Encore un plaisir de retrouver mon cher Marcel et son style incomparable.  D'ailleurs, est-ce moi qui s'y habitue?  Ses phrases m'ont semblé moins tarabiscotées dans ce tome-ci.  Par contre, amateurs d'action, s'abstenir: à part le passage (émouvant) de la mort de la grand-maman et une bonne engueulade avec monsieur De Charlus, il ne se passe à peu près rien dans ce tome.  On dirait même que Proust évite volontairement tout ce qui pourrait mettre un peu d'animation!  Ainsi, le narrateur glisse nonchalamment qu'il s'est battu en duel, sans donner plus de détails, simplement pour discuter du vocabulaire utilisé par Albertine pour décrire ses témoins!  Était-ce si banal, un duel, à la fin du XIXe siècle?

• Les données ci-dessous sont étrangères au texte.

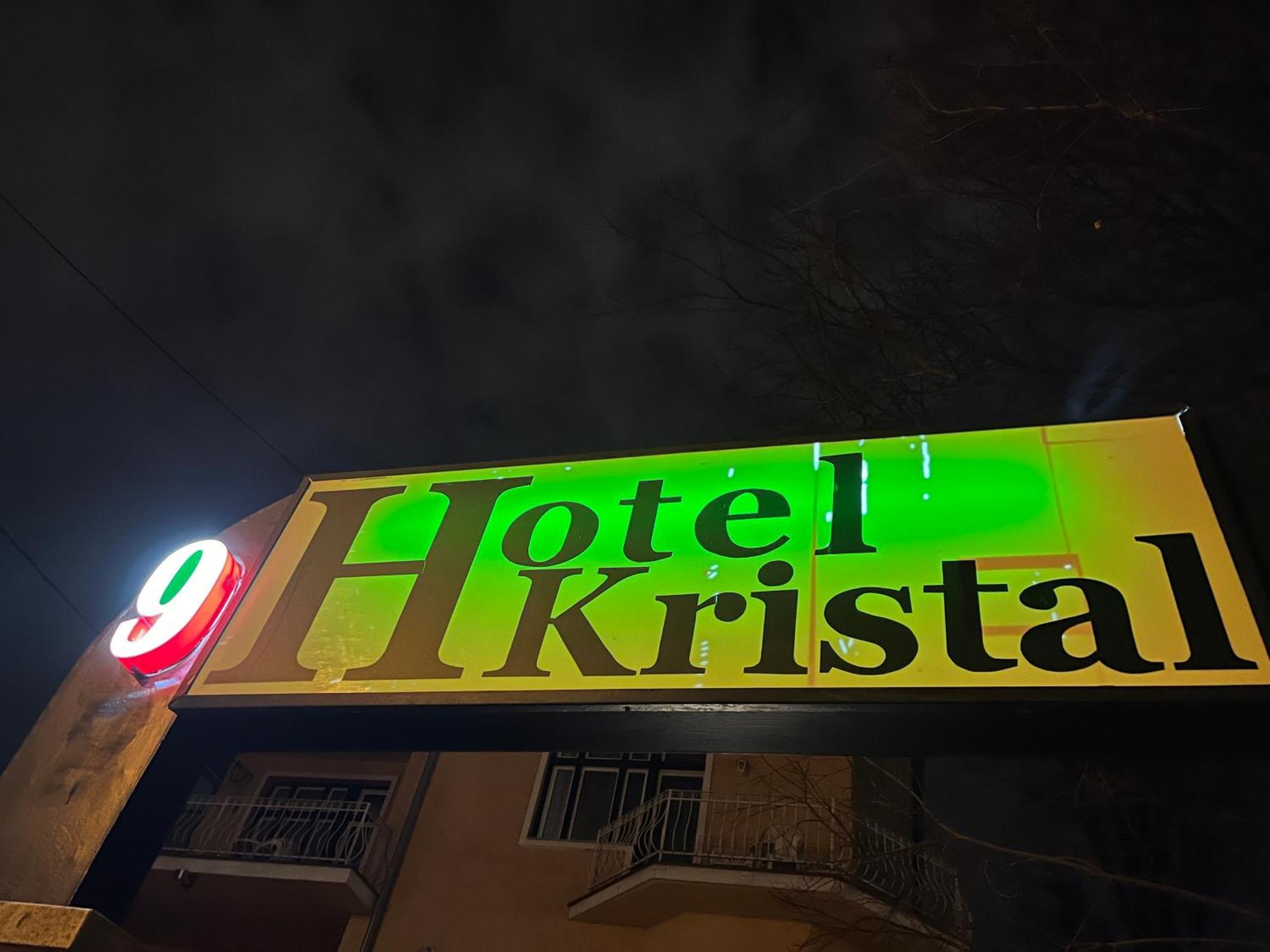 Hotel Kristal Gellert Hill Budapeste Exterior foto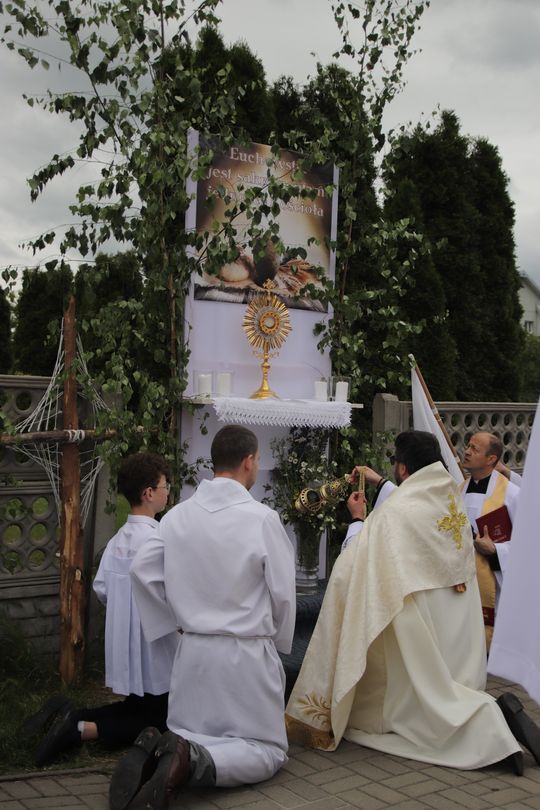 Chełm. Boże Ciało w Parafii pw. Chrystusa Odkupiciela w Chełmie [GALERIA ZDJĘĆ]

Proust continue plutôt sa description de la société qui l'entoure, société maintenant très divisée au plus fort de l'Affaire Dreyfus qui fait ressortir l'antisémitisme presque omniprésent.   Grâce aux rencontre faites à Balbec dans le tome précédent, le narrateur réussit à s'introduire dans le monde de la noblesse, qu'il nous décrit avec humour.  Comme il le remarque lui-même, on s'y perd un peu dans tous ces titres, un même personnage pouvant en changer (ainsi la princesse des Laumes du premier tome est-elle devenue la duchesse de Guermantes à la mort de son beau-père) mais en plus, depuis l'Empire, le même titre a pu être attribué à quelqu'un alors qu'il appartenait déjà à quelqu'un d'autre!  Une chatte y perdrait ses chatons!

En même temps, il poursuit son étude du pouvoir d'évocation des mots et s'amuse du langage coloré de sa bonne Françoise comme de celui de la noblesse, mêlé tour à tour d'expressions bourgeoises à la mode ou  «Vieille France».

Par contre il nous laisse sur un genre de cliffhanger (y a-il un équivalent français à cette expression? L'OLFQ suggère suspens, mais ça ne me semble pas tout à fait la même chose) et sur une révélation-choc au sujet de Swann dans les toutes dernières pages du roman.  J'ai donc déjà hâte de continuer la série, malgré le titre peu invitant du tome suivant: Sodome et Gomorrhe, et si je ne m'étais pas engagé dans une opération PAL estivale (la dite PAL commençant à prendre vraiment trop d'ampleur), je m'y plongerais peut-être tout de suite!


Le Côté de Guermantes (À la recherche du temps perdu, tome 3) de Marcel Proust, 1920-1921, 547 p. en version numérique. L'illustration ci-dessus ne correspond pas à l'édition que j'ai lue.